I take that same idea of connection when I’m not laced up for a workout, too. My friends and I make it a point to plan annual friend reunions. It’s dedicated time with those who know you best. The challenge is a point person to spearhead planning, so try being the social chair on the first one. Or plan a weekly or monthly wine or coffee date — leave the kids at home — and make sure to plan the next one after the last sip. I also love learning a new skill, like piano or a language, with friends. It’s a welcome dose of grade school nostalgia (carpooling included!) and the commitment, usually an hour or so per week, is fairly doable.

HABIT #4: Don’t make “work” a four-letter word

It sounds like a paradox, but work has been one of my most important tools to balance motherhood. It gives me a break from the tantrums and lost stuffed animals. And starting my own company has given me flexibility so I can be a ruthless prioritizer of my time. I minimize meetings, work from home often, and understand that I don’t have to respond to every email as soon as I get that ping. Work is important but so is making it to my daughter’s swim class.

Remember my fondness for learning something new? It’s exponential at a start-up. When I worked for larger companies, the growth eventually plateaued. With your own business, you’re touching everything, from fundraising and sales to accounting, business development, influencer marketing, and figuring out how to build an app in 5 months (true story).

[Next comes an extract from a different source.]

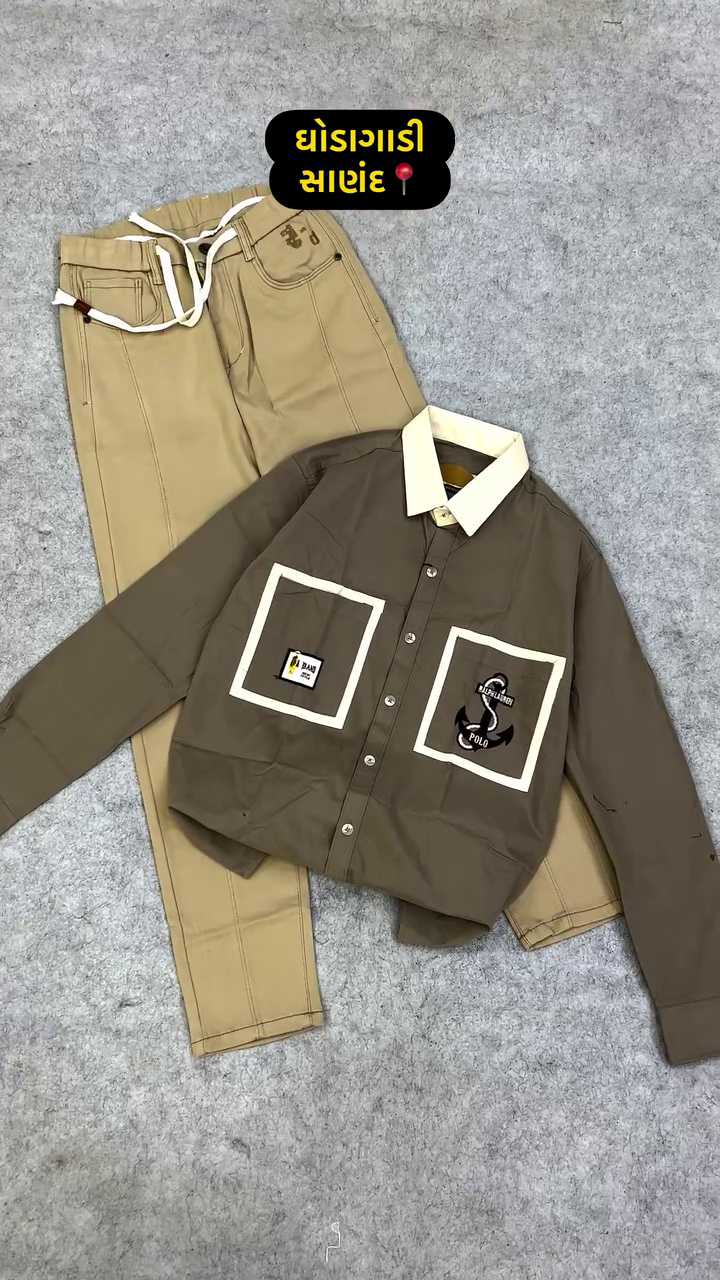 Comfort Printed Casual Shirt with T-Shirt - Image 3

And don’t forget about the perks. I use business trips as a way to catch up on me time, whether that’s hitting the gym, ordering room service, watching Game of Thrones, or sleeping peacefully without someone yelling for “Mommy!” in the morning. You may be working, but it can be rejuvenating if you look at things from the other side, preferably while wearing a robe and eating French fries in bed.

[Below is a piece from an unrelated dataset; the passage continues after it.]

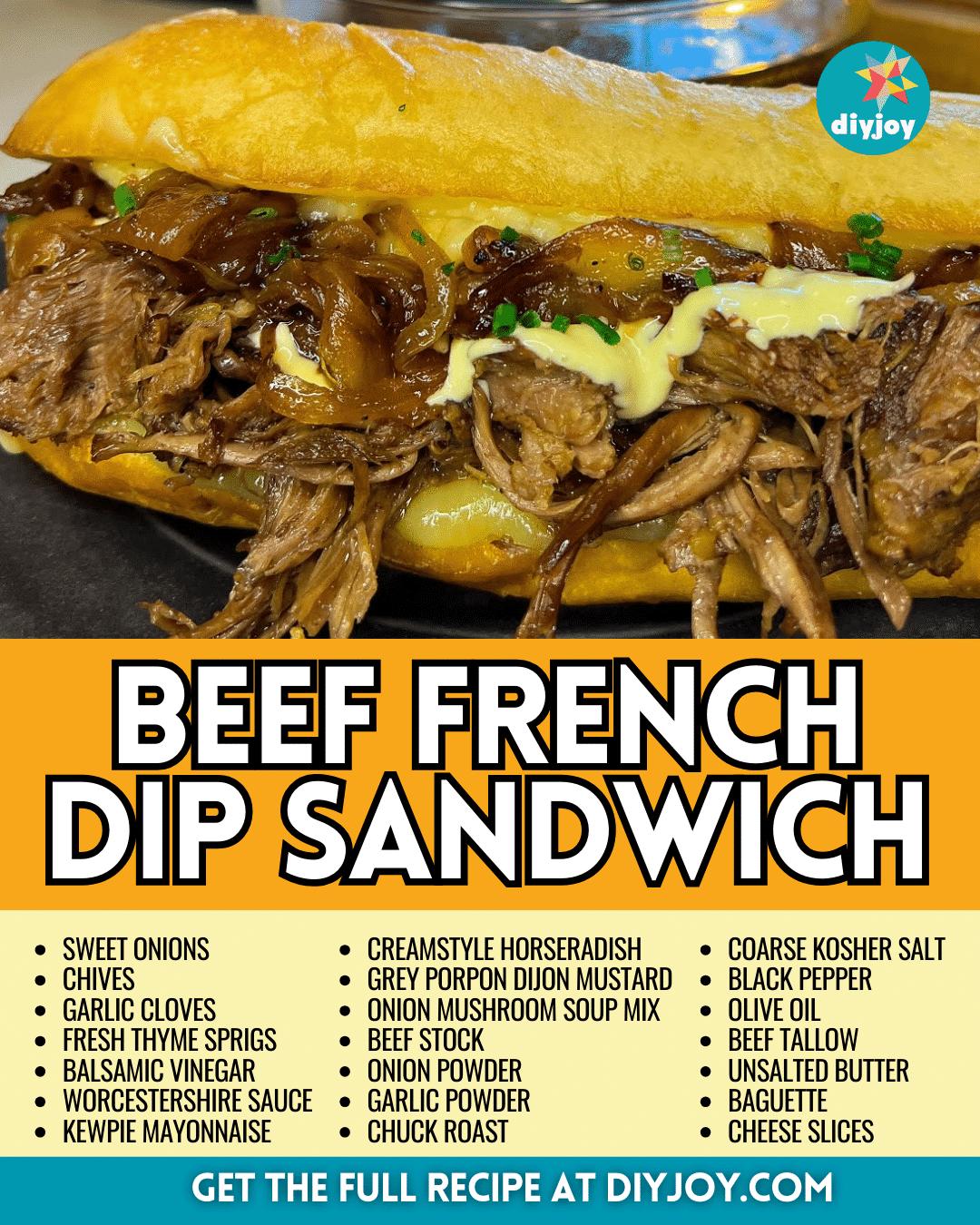 Easy Beef French Dip Sandwich Recipe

Habit #5: But it’s also OK to take a break

My 2017 breaking point led to a “temporary retirement,” when I was 35. My husband and I quit our jobs and traveled around New Zealand, Australia, the Caribbean, and Italy for 6 months. It was the right time for us — we were burnt out from the Bay Area rat race, we had enough savings, and most importantly, our kids hadn’t yet hit the terrible twos.

The idea was to unplug. The payoff was feeling more healthy, staying more present, and shifting mental energy previously dedicated to work on self-reflection instead. For the first time in years, I had time to think about what I was truly passionate about. It was fitness, it was building businesses, it was being a mom but showing my girls that I was a career woman, too. And it was during that temporary retirement that my company was born.

Don’t be afraid of that gap in your resume. It can lead to new ideas, spark conversations in a job interview, and remind you that there’s a world outside the office.

The Takeaway

Together these habits make for the most important lesson I learned in my journey from start-up executive to temporarily retired to founder and CEO: self-care is not selfish. It’s downright mandatory. Your coworkers, kids, and partner won’t benefit from a tired, less engaged, less happy version of yourself. Put yourself back on the to-do list. Whether it’s taking that pottery course you’ve been daydreaming about, training for a marathon, learning how to code, or whatever may spark joy, nourishing that mind-body-connection will make you feel better, work better, and remind you why you’re doing this crazy dance we call work-life balance. Now if you’ll excuse me, I have a workout class waiting for me in the living room.